Find the line below with "Сумка, вмістний шопер" and the line with "Alternative view of". Output them and the lines between, exactly, but not the pictures.

-- Data shown follows --

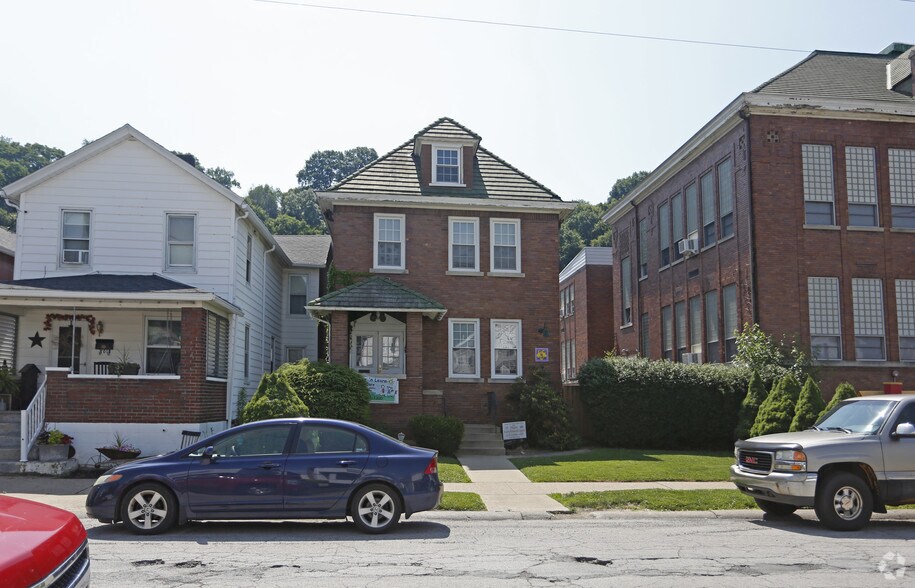 1016 6th Ave, Ford City, PA à vendre - Photo principale – Image 2 sur 2
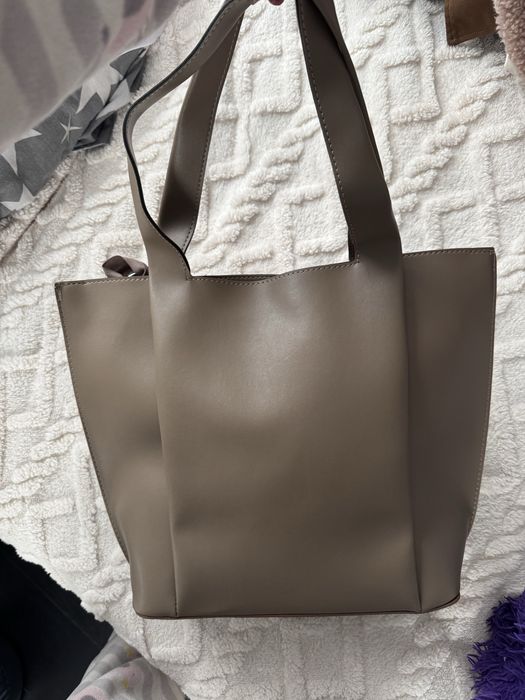 Сумка, вмістний шопер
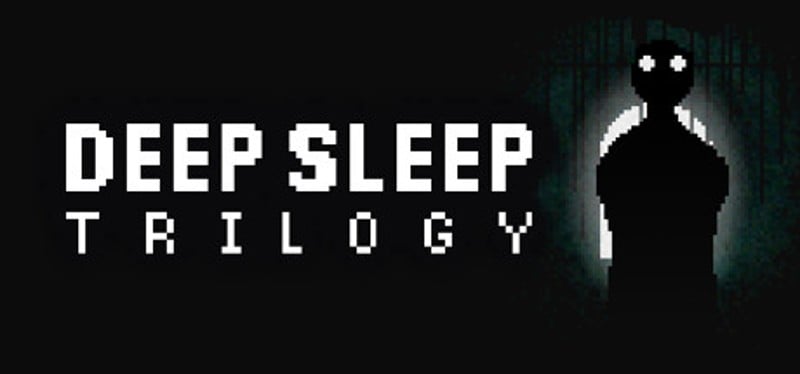 Deep Sleep Trilogy Game Cover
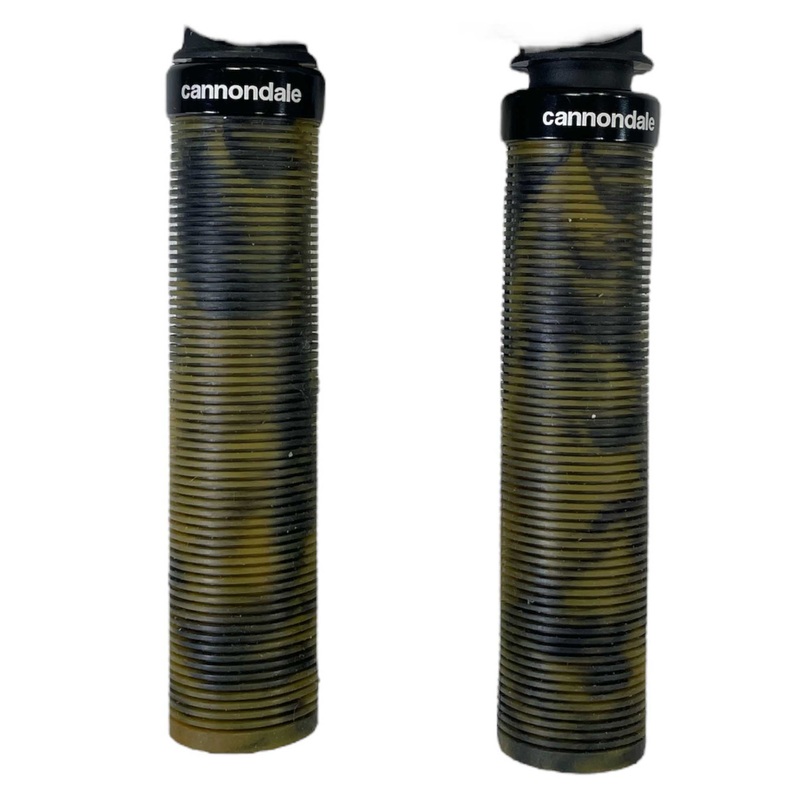 Cannondale Trailshroom Grips
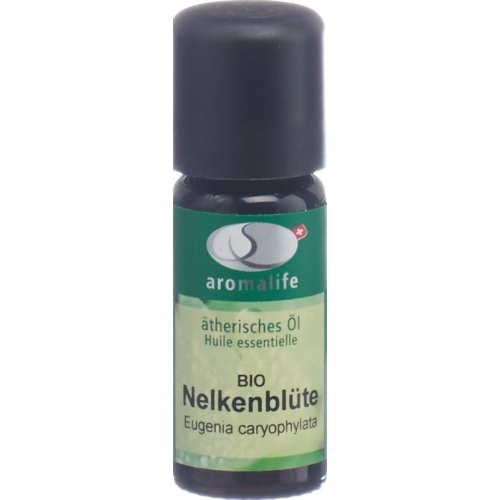 Aromalife Nelkenblüte Ätherisches Öl 10ml buy online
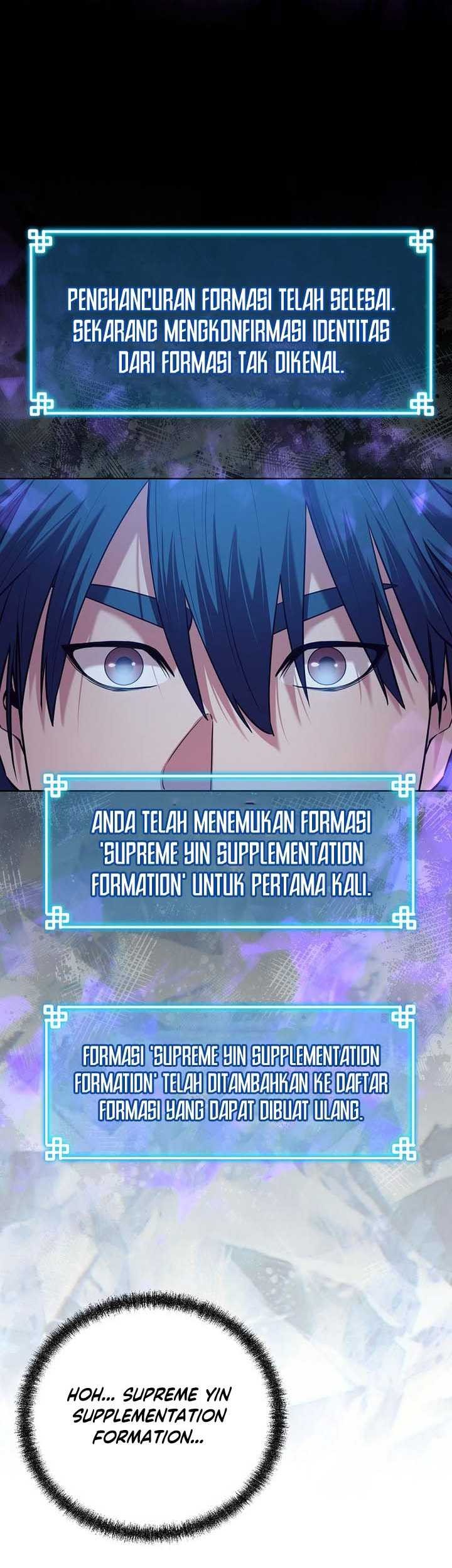 Reincarnation of the Murim Clan’s Former Ranker Chapter 123 - halaman 68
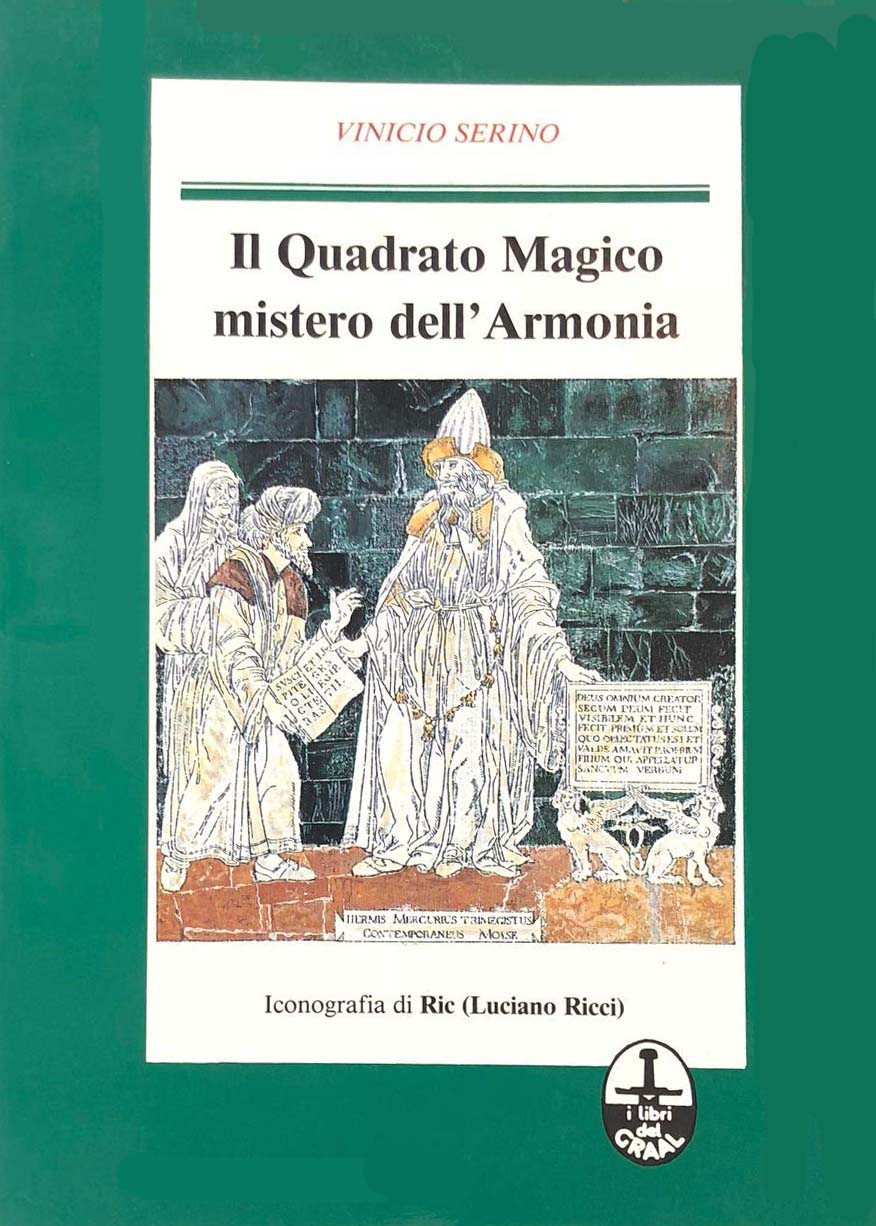 Il Quadrato Magi 5fcf664409311 7 | Libreria Esoterica Il Reame d'Inverno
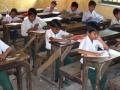  चाळीसगावला पहिली ते आठवीचे ६९ हजार विद्यार्थी झाले पास - Marathi News | In Chalisgaon, 69,000 students from 1st to 8th class passed | Latest jalgaon News at Lokmat.com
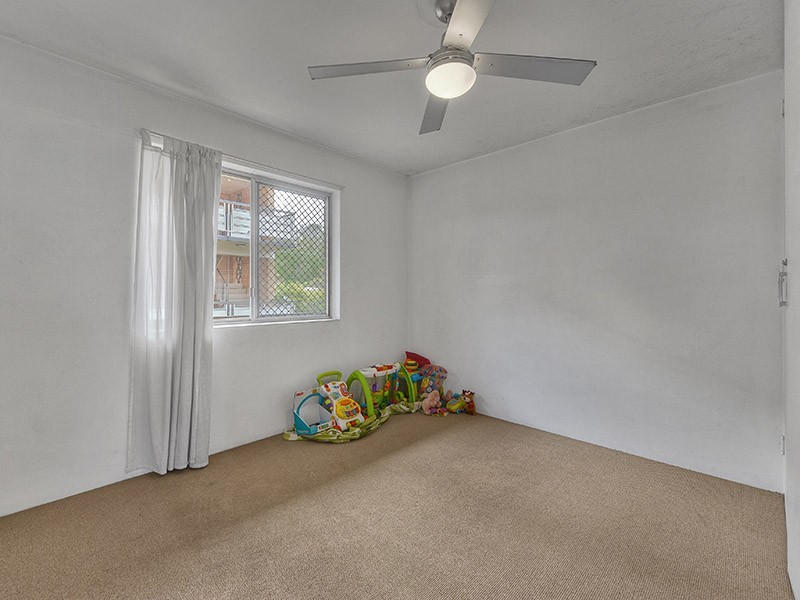 4/31 Grantson Street, Windsor QLD 4030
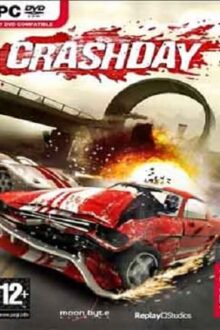 Crashday
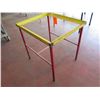 Image 3 : Metal Base Stand 17"x23"x26" Ht.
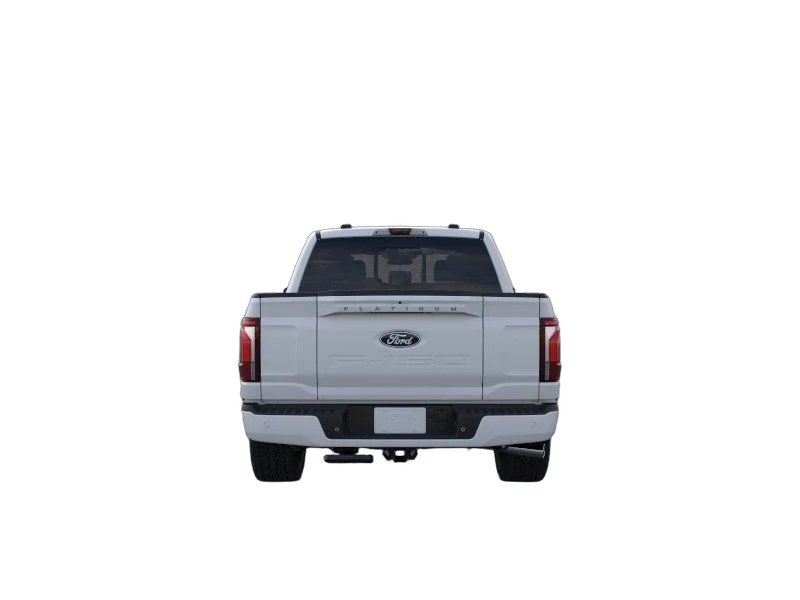 2025 Ford F-150 photo 4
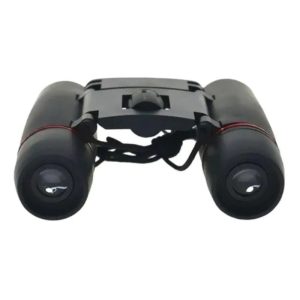 Alternative view of BINOCULARES MINI 30X60 KUSHIRO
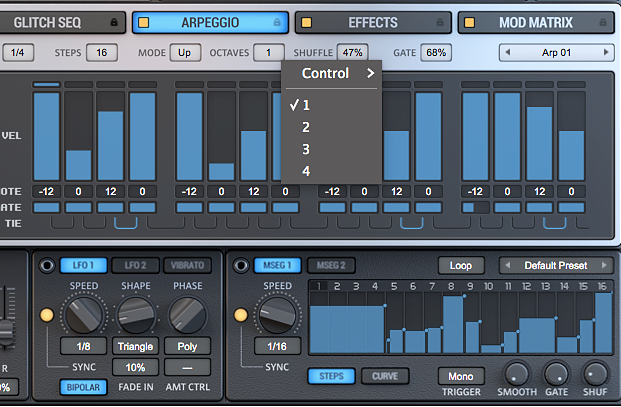 Pakiet EiS - DS Audio Software Thorn EiS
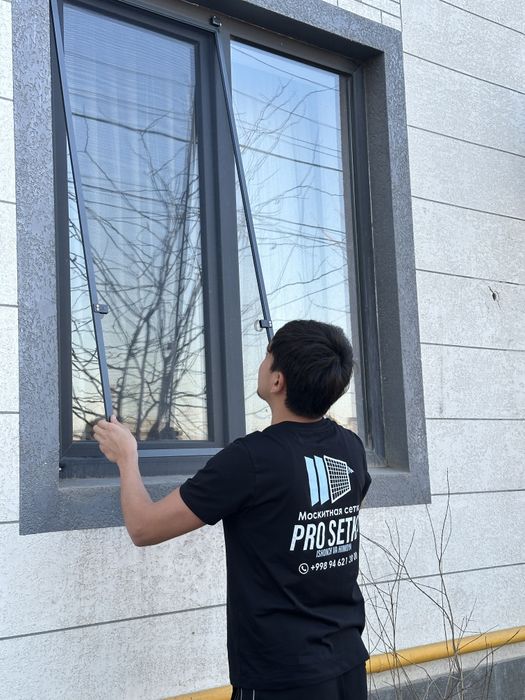 Москитные сетки Москитная на заказ на окно | oynaga setka | maskitniy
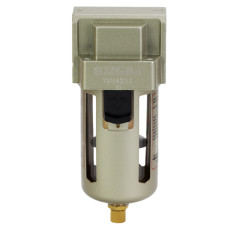 Фільтр вологовіддільник 4000 л/хв 1/2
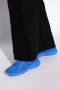 Comme des Garçons Blauwe Sneakers voor Heren Stijlvol Aw24 Blue Heren - Thumbnail 2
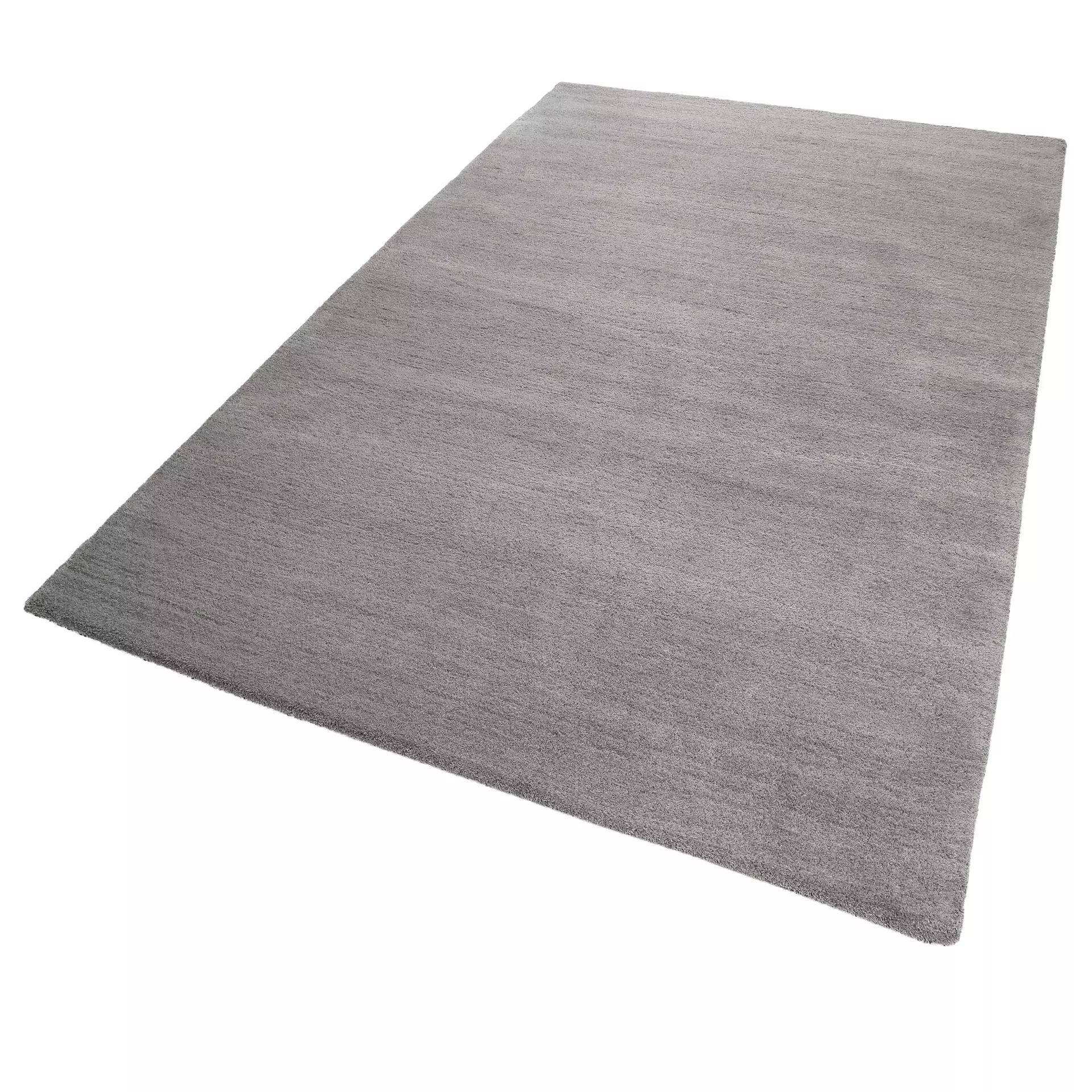 Hochflorteppich Loft Esprit Textil 70 x 140 cm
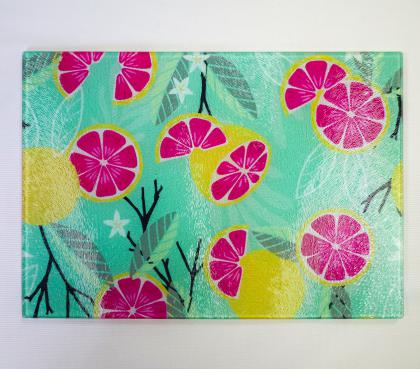 Chopping Board Rectangle 20 x 28cm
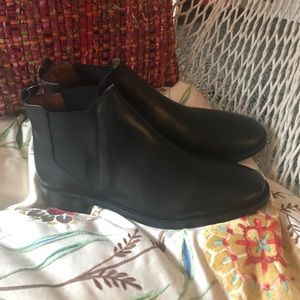 Topshop Booties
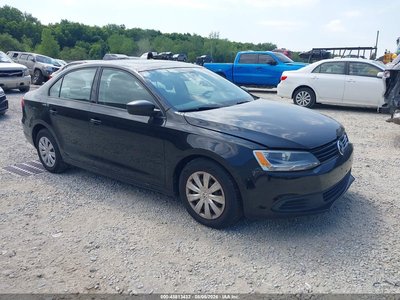 3VW2K7AJ5DM****** 2013 Volkswagen Jetta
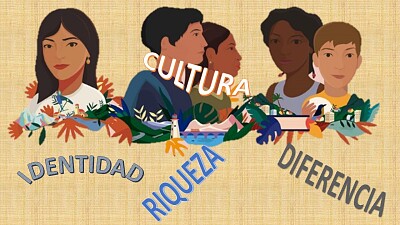 Principales conceptos de la diversidad
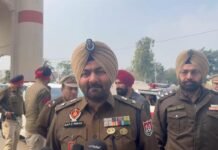 ਜਲੰਧਰ ਦਿਹਾਤੀ ਪੁਲਿਸ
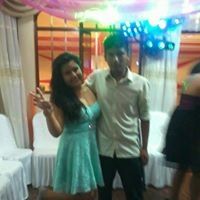 Profile Picture of Anthony Joel Mendoza Valiente (@amendozavalient) on Pinterest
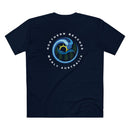 Northern Beaches Sydney Australia custom logo T-Shirt Printify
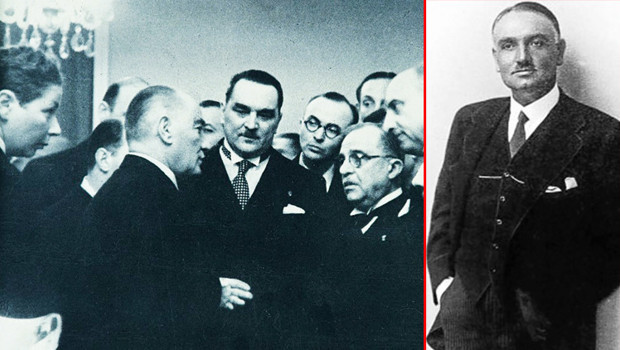 Yahya Kemal’in Üsküp izi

-- Data shown concluded --

- Answer -
 Сумка, вмістний шопер
 Deep Sleep Trilogy Game Cover
 Cannondale Trailshroom Grips
 Aromalife Nelkenblüte Ätherisches Öl 10ml buy online
 Reincarnation of the Murim Clan’s Former Ranker Chapter 123 - halaman 68
 Il Quadrato Magi 5fcf664409311 7 | Libreria Esoterica Il Reame d'Inverno
  चाळीसगावला पहिली ते आठवीचे ६९ हजार विद्यार्थी झाले पास - Marathi News | In Chalisgaon, 69,000 students from 1st to 8th class passed | Latest jalgaon News at Lokmat.com
 4/31 Grantson Street, Windsor QLD 4030
 Crashday
 Image 3 : Metal Base Stand 17"x23"x26" Ht.
 2025 Ford F-150 photo 4
 Alternative view of BINOCULARES MINI 30X60 KUSHIRO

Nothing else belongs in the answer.